Monday, June 23, 2008

More "Grand Closing"

Continuing a series of extensive parish reconfiguration and downsizing efforts in response to the changed landscape of Stateside Catholicism's onetime Northeastern flagship, the 400,000-member diocese of Albany's preparing to move on a "monumental restructuring" of its 167 parishes:
The 14-county diocese, faced with fewer priests and urban flight, has clustered parishes into local planning groups that must make recommendations to the diocese by June 30 on how to collaborate on programs and consolidate parishes.

In an interview Friday, Albany Bishop Howard Hubbard praised the project as a "grassroots" effort that involved 167 parishes laboring to revitalize the church. But some who participated are frustrated. With black humor, local Catholics have compared the process to the TV show "Survivor" and referred to it as "Called to Be Closed."

Hubbard, recalling his own days as a street priest in Albany's South End, stressed that the church's commitment to inner cities would survive even if all its buildings in them do not. The bishop refused to speculate on how many churches may close. He is not expected to announce any final decisions until January.

"I can assure you that I have no preordained plans sitting in my desk here," said Hubbard, 69, whose home parish of St. Patrick's in Troy may close. "I'm not a masochist. I wouldn't put people through all of this expenditure of time, energy and emotional angst if I already knew what my decision was."

But the potential scale of the closures emerged in visits to more than 10 churches and interviews with more than two dozen priests, parishioners and local planning officials. Tentative recommendations that the Times Union was able to confirm called for closing or merging at least six parishes in Albany, three in Schenectady and three in Cohoes.

In the coming year, the diocese will also look at the question of schools connected to churches affected by the restructuring. There have been times in the past where parishes closed but schools did not.

The urban contraction afoot here reflects national Catholic demographics.
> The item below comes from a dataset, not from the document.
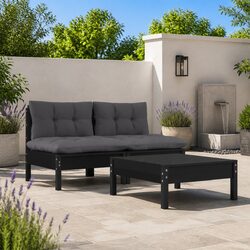 Garden Lounge Set 3 Piece Pinewood Patio Furniture with Cushions Black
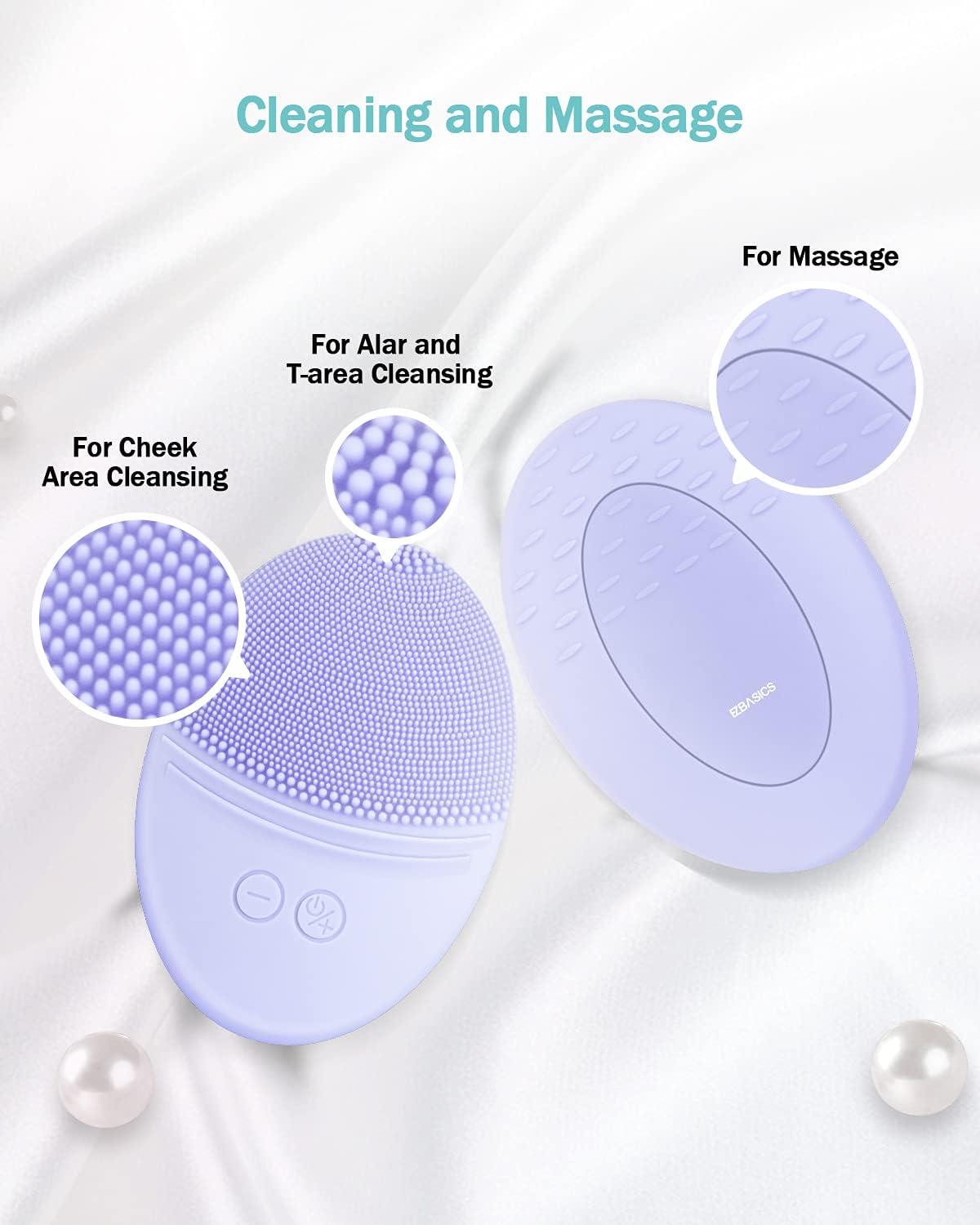 EZBASICS Sonic Facial Cleansing Brush Made with Ultra Hygienic Soft Silicone, Waterproof Sonic Vibrating Face Brush for Deep Cleansing, Gentle Exfoliating and Massaging, Inductive Charging Blue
European Catholics flooded America in great immigration waves in the 19th and early 20th centuries. They flocked to ethnic enclaves in the Northeast and Upper Midwest, worshipping in such force that some churches drew 800 people at each of five Sunday Masses....

Communities shrank as their members did what immigrants do: worked hard and moved up.

The U.S. Catholic population is much more diffuse today after decades of migration from cities to suburbs and exurbs and from the Rust Belt to the Sun Belt. The flight of employers has also drained urban pews. Mass attendance has declined.

You see the results across upstate. Buffalo has closed or merged 77 parishes, Rochester 26, and Syracuse, 35.

One researcher compared the closings to deferred maintenance. Closing can feel like a death to parishioners, and bishops will avoid doing it if possible, said Mary Gautier of the Georgetown University-affiliated Center for Applied Research in the Apostolate.

But bishops are forced to make hard decisions once they don't have enough priests to go around. They feel pressure to build in the suburbs and they're still subsidizing inner-city parishes that lack sufficient parishioners, Gautier said.

The tragedy of the closures is that high demand exists for new churches in the South and West.

"It would be so great if we had this giant sky hook where we could take some of those beautiful parishes and just plunk them down in other places where they need them so badly," Gautier said.
In the last decade, more than 900 parishes have shut their doors in over 40 American dioceses.